We presented earlier versions of this project at workshops we organized at National University of Singapore and the annual meeting of the Law and Society Association, where we benefitted from the insights of Penelope Andrews, Amr Shalakany, and Kathryne Young. Massoud also presented earlier versions of Chapter 1 at All Souls College (University of Oxford), the American Bar Foundation, the University of British Columbia Faculty of Law, the UC Santa Barbara Legal Humanities Initiative, the UC Santa Cruz Center for Cultural Studies, and at the “Challenging Socio-Legal Methodology” workshop coorganized by the Cardiff University Centre of Law and Society and the University of Oxford Centre for Socio-Legal Studies. Massoud, with Sindiso Mnisi Weeks, organized a workshop, “Out of Place,” held at the University of Cape Town. Elements of the Preface and Chapter 1 draw on Massoud’s “The Price of Positionality” (Journal of Law and Society, 2022).

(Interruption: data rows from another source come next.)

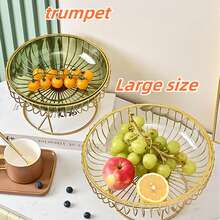 1 Stück Eisenobstteller, luxuriöser Obstteller für Snacks, Nüsse, Süßigkeiten, Neujahrsobstteller, Kunststoff-Trockenobstteller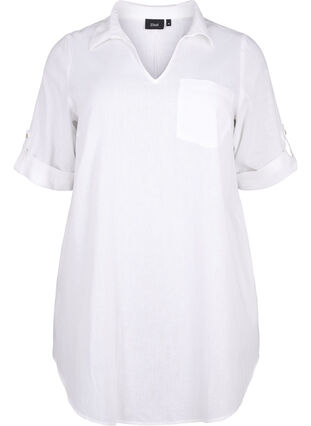 Zizzi Kortærmet tunika i bomuldsmix med hør , Bright White, Packshot image number 0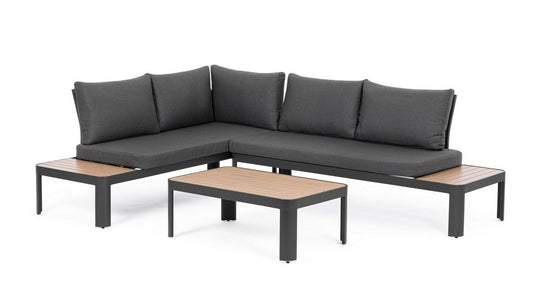 Salotto angolare in alluminio antracite YK 13 NARELLE - Bizzotto
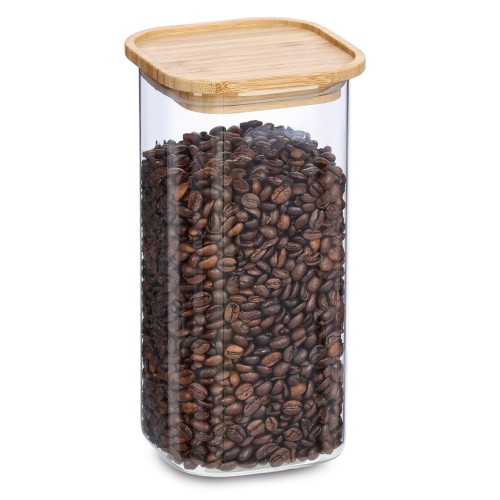 Vorratsglas m. Bambusdeckel, 1600 ml. Länge: 100 mm. Breite: 100 mm. Höhe: 220 mm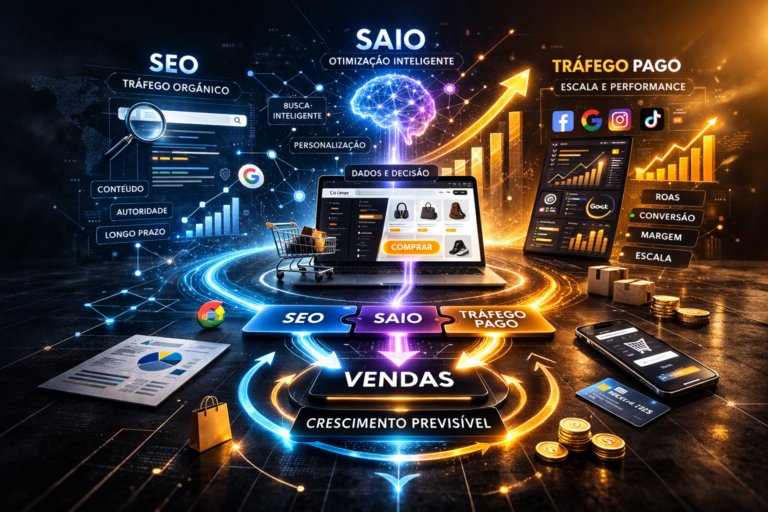 SAIO, SEO, Tráfego Pago para e-commerce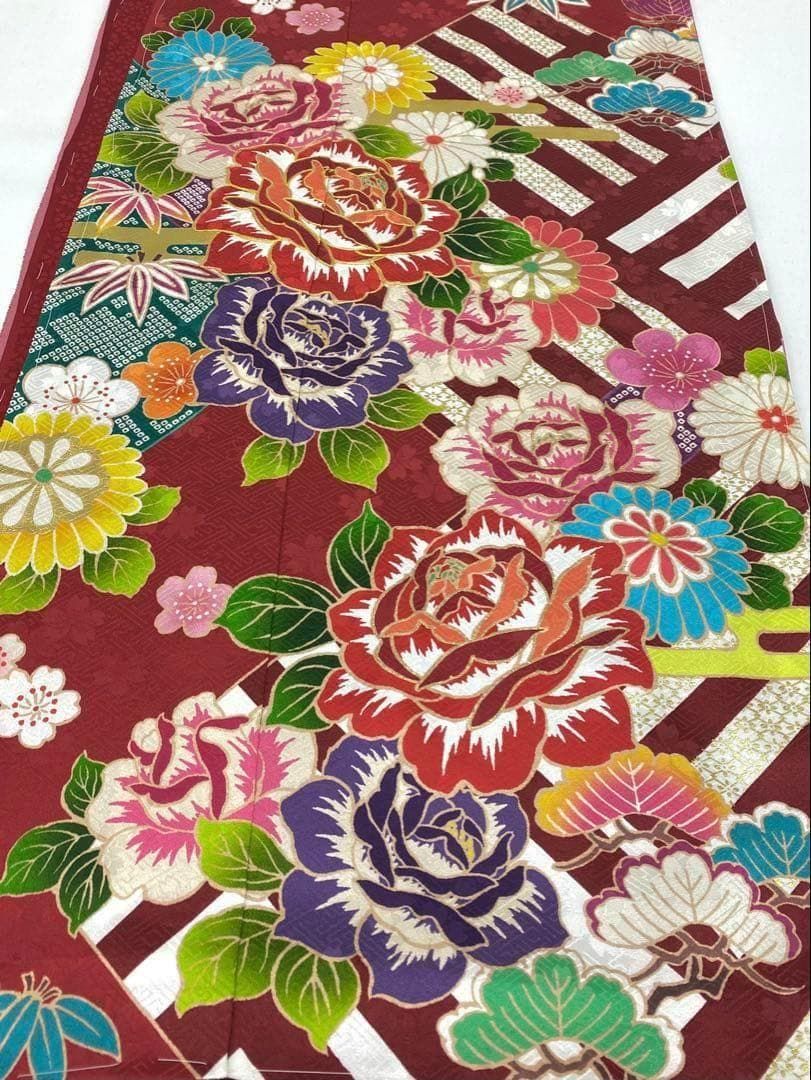 振袖 仮絵羽 舞台衣装 金駒 金彩 薔薇 未仕立て品 八掛付き MOK671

Funding for research, writing, and a contributors’ workshop came from the Singapore Ministry of Education Academic Research Fund Tier 1 [WBS: R-241-000-176-115]. We received supplementary funding from the JY Pillay Global Asia Programme at Yale–NUS College [WBS: E-607-02-0013-01]. Chua thanks Nur Ridhuan bin Abu Baker for assistance, and Wendy Wee and Kris Zhao at the Faculty of Law, National University of Singapore, for administrative support. Massoud thanks the UC Santa Cruz Institute for Social Transformation for research support and Hardeep Dhillon for research assistance. Leisy Abrego, Rachel Cahill O’Callaghan, Patrick Chuang, Vilashini Cooppan, Malcolm M. Feeley, Adam Millard-Ball, Linda Mulcahy, Tom Pyun, and the Out of Place contributors provided helpful feedback. Danielle McClellan and Ian Pickett copyedited the manuscript. We thank Matt Gallaway, our editor at Cambridge University Press, as well as Jens Meierhenrich and Rachel E. Stern of the Cambridge Studies in Law and Society. Our colleagues and students at UC Santa Cruz and National University of Singapore provided welcoming spaces for us to research, write, and teach. This book would not have been possible without the kindness of the colleagues, friends, and mentors who shared their experiences with us, including Keebet von Benda-Beckmann (1946–2022).
1 Though “law and society” and “socio-legal studies” have different emphases in different contexts, this book uses the terms interchangeably.